CHURCHILL OUT OF HIBERNATION, WEEK 31

In 1946, Winston Churchill decided that he was ready to write his war memoirs. “In view of the fact that Roosevelt is dead and Stalin will never publish,” his literary agent Emery Reves would point out, “…you are the only man who can reveal the decisive issues of the last war.”

In our circumnavigation of Churchill’s book-length works, we have reached his magnum opus, THE SECOND WORLD WAR. On this, the 56th Anniversary of the State Funeral of Winston Churchill, we begin with Volume One: “THE GATHERING STORM.”

Winston Churchill embraced writing his war memoirs as an opportunity to write his own history. He also appreciated that the work offered him a way out of a lifetime of money woes. With Reves and the British press baron Lord Camrose acting jointly as his agent, American book rights were sold to the publisher Houghton Mifflin for $250,000. Rights for serialization went to Henry Luce and Time Inc. for $1,150,000. Cassell contracted to publish in Britain for a £25,000 advance (roughly $1,400,000 today).

Churchill retrieved his own personal  archive of wartime documents from a hutch beside the boiler in the basement at Chartwell, supplementing this private trove with everything official that the government now agreed (under duress) to provide.

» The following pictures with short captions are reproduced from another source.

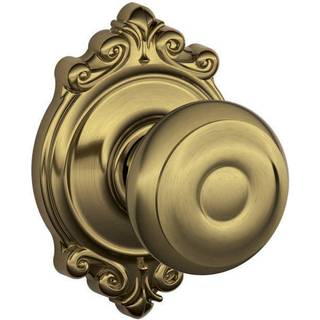 Schlage F10 Geo 609 Brk Brookshire Collection Georgian Passage Knob Antik messing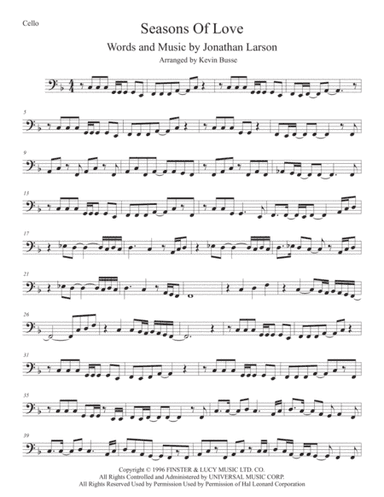 Seasons Of Love (arr. Kevin Busse)
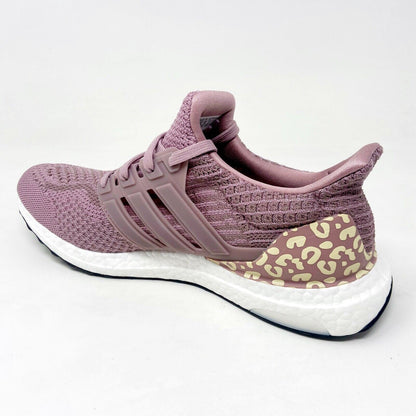 Adidas UltraBoost 5.0 DNA Magic Mauve Leopard Womens Running Shoes GV8724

Churchill then began to write.

“He keeps six secretaries busy,” noted Walter Graebner, the London representative of Time Inc., to his bosses. “They work in shifts so that someone is on hand 16 hours or more a day, seven days a week. One secretary drives with him to and from the country, as Mr. Churchill uses this time to dictate… Says Churchill: ‘I can do about 1,000 words while motoring to Chartwell — never less than 800.’”

Churchill was certain that the Second World War could have been avoided. Had the victorious Allies not punished Germany vindictively at Versailles following World War One; had Great Britain not appeased Hitler once he rose to power — the opportunities for avoiding war, both through magnanimity and through strength, had been manifold. This became Churchill’s theme in his opening volume, the book that he titled: “The Gathering Storm,” which was published in the United States on June 21, 1948, followed by publication in England on October 4; launched with a Churchillian epigraph that is now timeless:

“In War, Resolution; In Defeat, Defiance; In Victory, Magnanimity; and in Peace, Good Will.”

 

We wish you all of the above and, above all, good health.